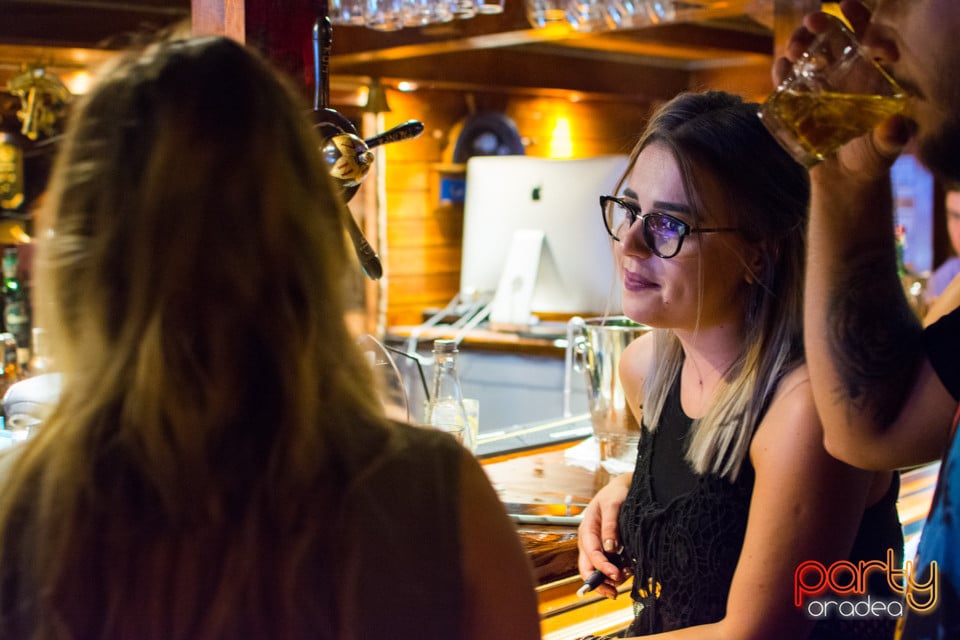 Vineri seara la Columbus, Columbus Cafe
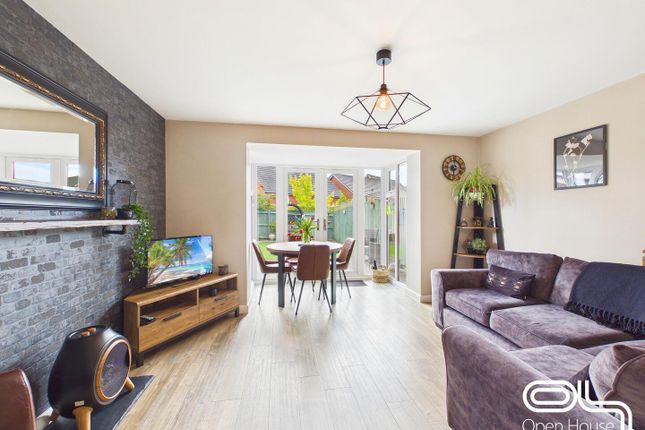 42, Avondale Circle, Stafford photo 3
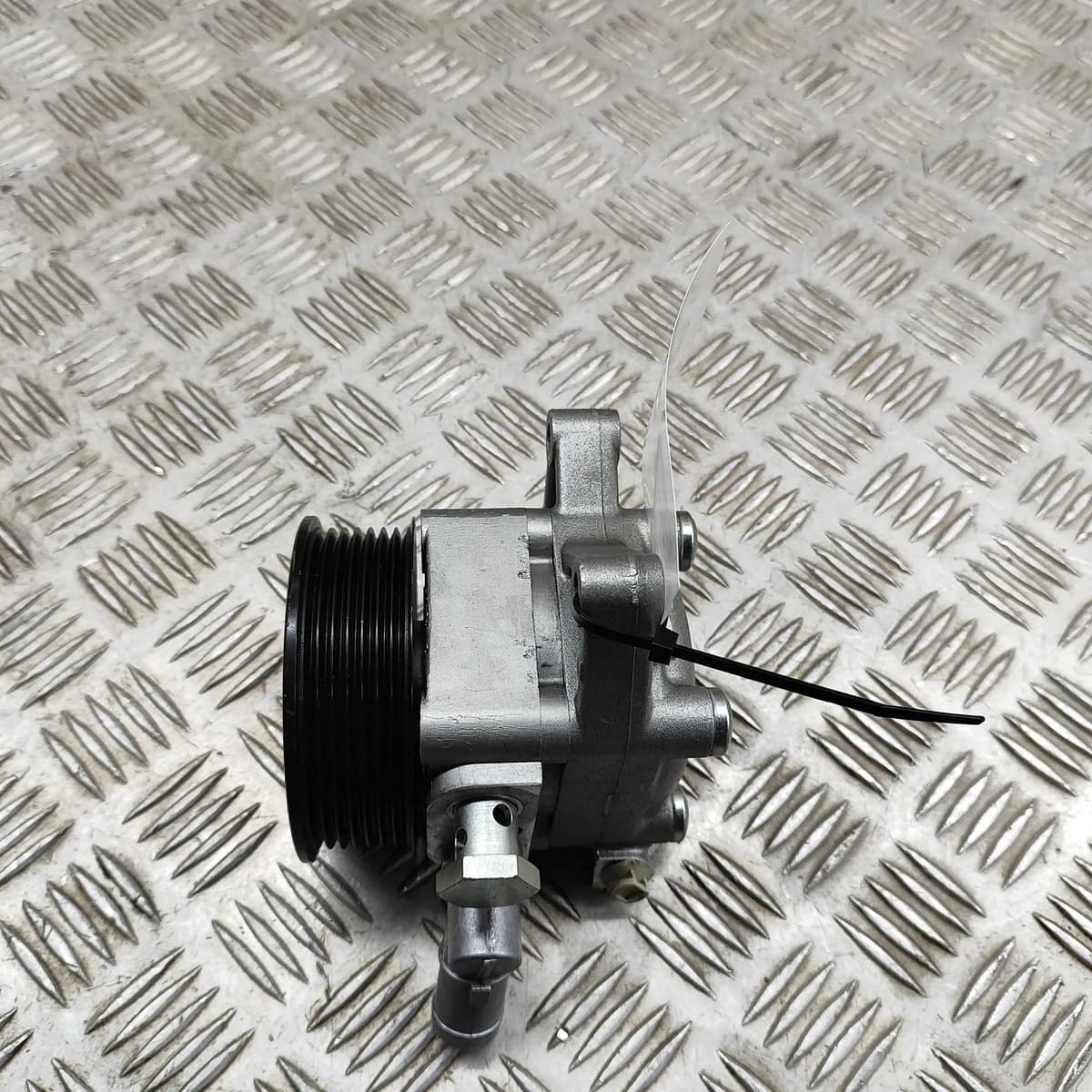 IVECO DAILY Mk6 Power Steering Pump 5801893653 2.3 Diesel 100kW 2016 21927068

ACTION ITEM. Please retype the listing in full, exactly as given, and skip every image.

WRITTEN ANSWER.
 Vineri seara la Columbus, Columbus Cafe
 42, Avondale Circle, Stafford photo 3
 IVECO DAILY Mk6 Power Steering Pump 5801893653 2.3 Diesel 100kW 2016 21927068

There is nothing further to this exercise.